Description of the task => A word-for-word retyping of the listing below is required, with the pictures dropped.

[Opening Task inputs section]

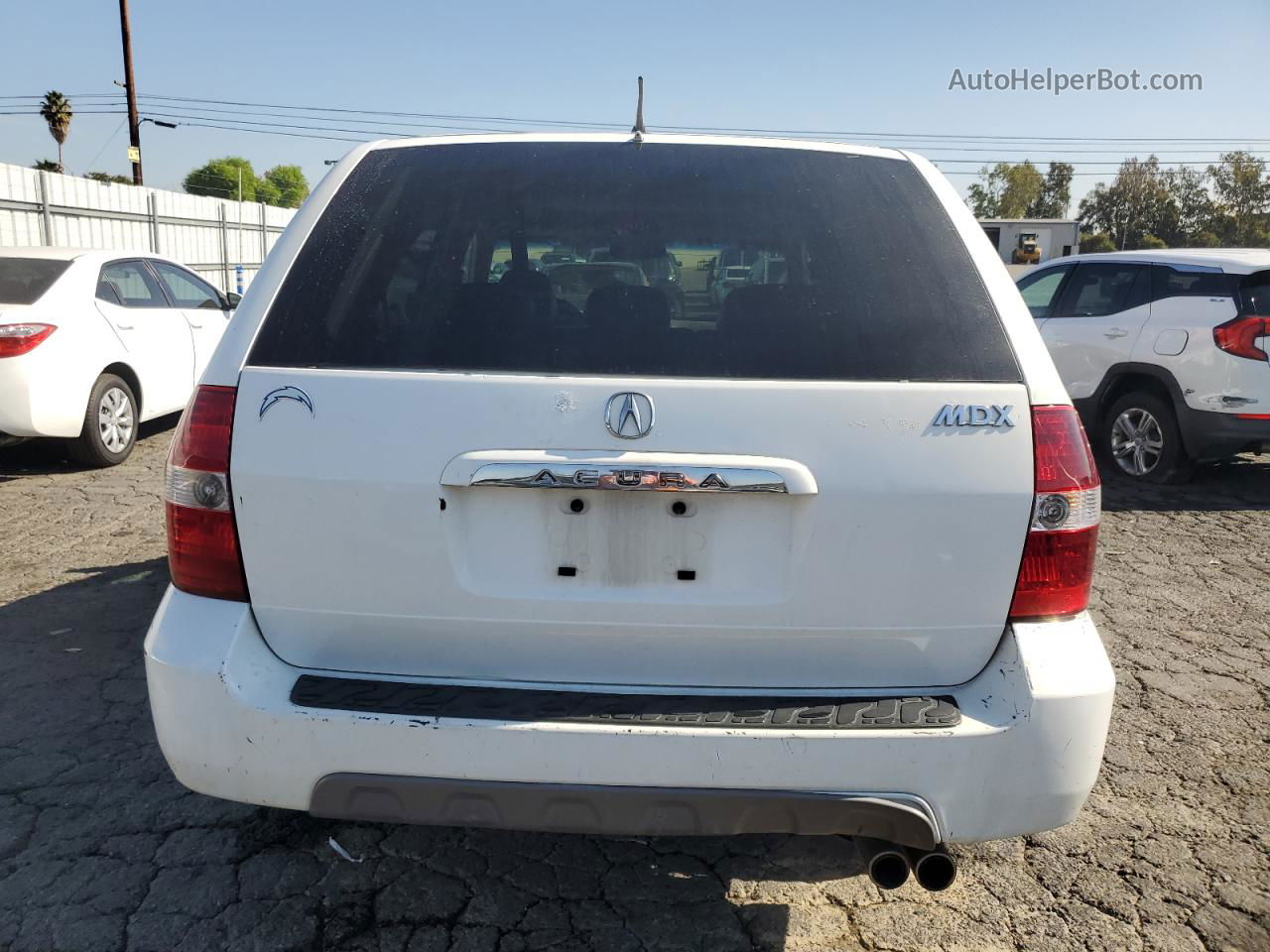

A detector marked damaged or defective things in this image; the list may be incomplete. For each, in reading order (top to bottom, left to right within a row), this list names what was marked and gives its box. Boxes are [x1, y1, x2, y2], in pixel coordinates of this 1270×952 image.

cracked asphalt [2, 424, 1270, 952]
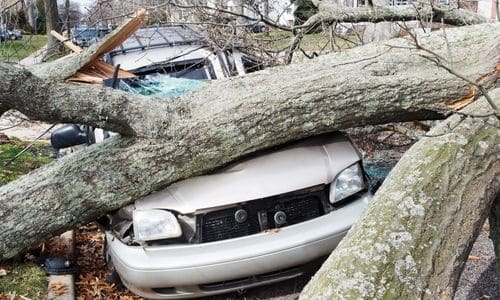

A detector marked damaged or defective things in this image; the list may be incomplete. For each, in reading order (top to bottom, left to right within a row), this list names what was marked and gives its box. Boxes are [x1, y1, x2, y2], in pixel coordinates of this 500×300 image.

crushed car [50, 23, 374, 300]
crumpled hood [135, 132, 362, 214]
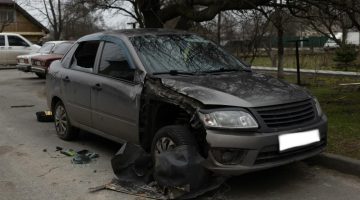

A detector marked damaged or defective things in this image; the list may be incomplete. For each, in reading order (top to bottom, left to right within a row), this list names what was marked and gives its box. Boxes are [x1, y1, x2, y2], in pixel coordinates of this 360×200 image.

[Closing Task inputs section]

Task response =>
A detector marked damaged or defective things in this image; the list may be incomplete. For each, in reading order (top to bottom, left to right within a row), this list names what was marked and gives its box. Boxes are [x1, y1, x2, y2], in pixel coordinates of this 1270×952 image.

cracked asphalt [2, 424, 1270, 952]

A detector marked damaged or defective things in this image; the list may be incomplete. For each, in reading order (top to bottom, left to right within a row), this list names what was marked and gives its box. Boxes are [x1, y1, x2, y2], in pixel coordinates of this 500×300 image.

crushed car [50, 23, 374, 300]
crumpled hood [135, 132, 362, 214]

A detector marked damaged or defective things in this image; the list may be incomplete. For each, in reading order (top to bottom, left to right within a row), this list names what was marked and gives its box. Boxes are [x1, y1, x2, y2], in pixel coordinates of this 360×200 image.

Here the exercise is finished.